Fue el pasado Domingo de Pascua, cuando conducía a casa después de haber ido a visitar a mis padres. Ahí es cuando les vi, junto a la carretera. Un hombre y una mujer, adolescentes o veinteañeros, agitando los brazos, sus gritos amortiguados a través de las ventanillas cerradas de nuestro coche.

"¡Madre mía!", dije, señalando a la pareja. Mi marido bajó la velocidad, pero no paró. Empezamos a observarles conforme nos acercábamos con el coche.

Empecé a preguntarme si deberíamos parar, pero pasamos de largo.

Entonces el tío lanzó un puñetazo y mi marido apretó fuertemente el claxon mientras daba la vuelta para regresar.
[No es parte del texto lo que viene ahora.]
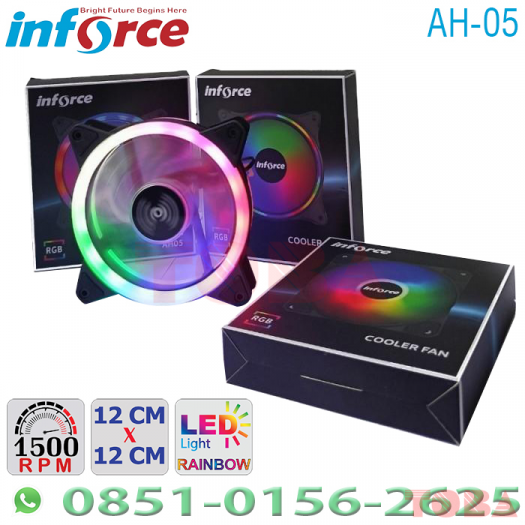 COOLER FAN CASING INFORCE AH-05 LED RAINBOW 12 CM - FCS-iNF-AH05RB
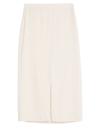 Brunello Cucinelli Midi Skirts In Ivory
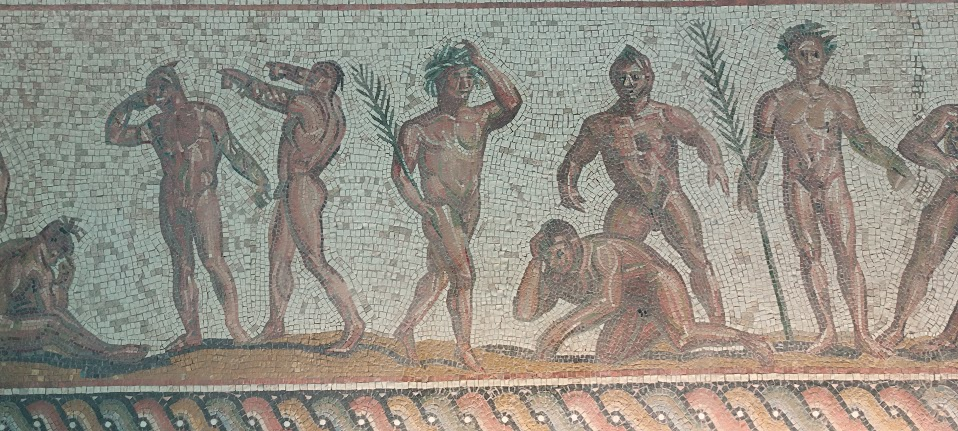 Olimpiya'daki Atletler Mozaiği, Olimpiya Müzesi, Antik Olimpiyat Oyunları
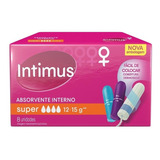 Kit 3 Absorventes Intimus Interno Super 8 Unidades Cada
A pesar del puesto actual de mi marido como fiscal y de que yo me dediqué a eso en el pasado, ambos dudamos cuando vimos a la pareja peleando. ¿Era mutuo? ¿Importa eso? ¿Deberíamos actuar? Llamamos a la policía cuando se lanzó un puñetazo claro, pero incluso entonces seguíamos dudando. Yo ya sabía que aquello acabaría con un impasible informe policial y con una chica que no querría testificar contra el tío que decía amar.
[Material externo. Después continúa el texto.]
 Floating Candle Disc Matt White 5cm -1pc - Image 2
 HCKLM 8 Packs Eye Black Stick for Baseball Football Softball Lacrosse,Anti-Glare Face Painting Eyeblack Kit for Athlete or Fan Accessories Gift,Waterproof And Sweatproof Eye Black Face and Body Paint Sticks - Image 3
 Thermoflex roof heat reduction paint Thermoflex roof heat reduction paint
Esperamos a que llegara la policía y vimos cómo pelaban desde el coche aparcado. Una y otra vez, el chico se alejaba y ella le seguía. Él se giraba, le gritaba a la cara y volvía alejarse. Y ella volvía a seguirle. Aparté la vista por un momento y cuando volví a mirar la chica estaba sobre el suelo y él sobre ella.

Entonces ella dejó de seguirle y empezó a caminar en la dirección contraria, con los leggings llenos de polvo.

El chico se alejaba por el campo y nosotros esperamos con la chica junto a la carretera hasta que llegó un oficial totalmente indiferente, nos tomó declaración y nos dijo que podíamos irnos. Nos fuimos cuando llegó la madre de la chica, gritando que ya le había dicho que aquel chico no le convenía.

Hace diez años habría llamado a la policía sin dudar. Era una ecuación sencilla. Gritos acalorados más cualquier tipo de actividad física igual a una relación que la mujer debía abandonar.

Aquella Pascua, todo lo que tenía eran preguntas y dudas. Todo lo que oí fue a la chica gritar a su madre, "No pienso ir a juicio por esto".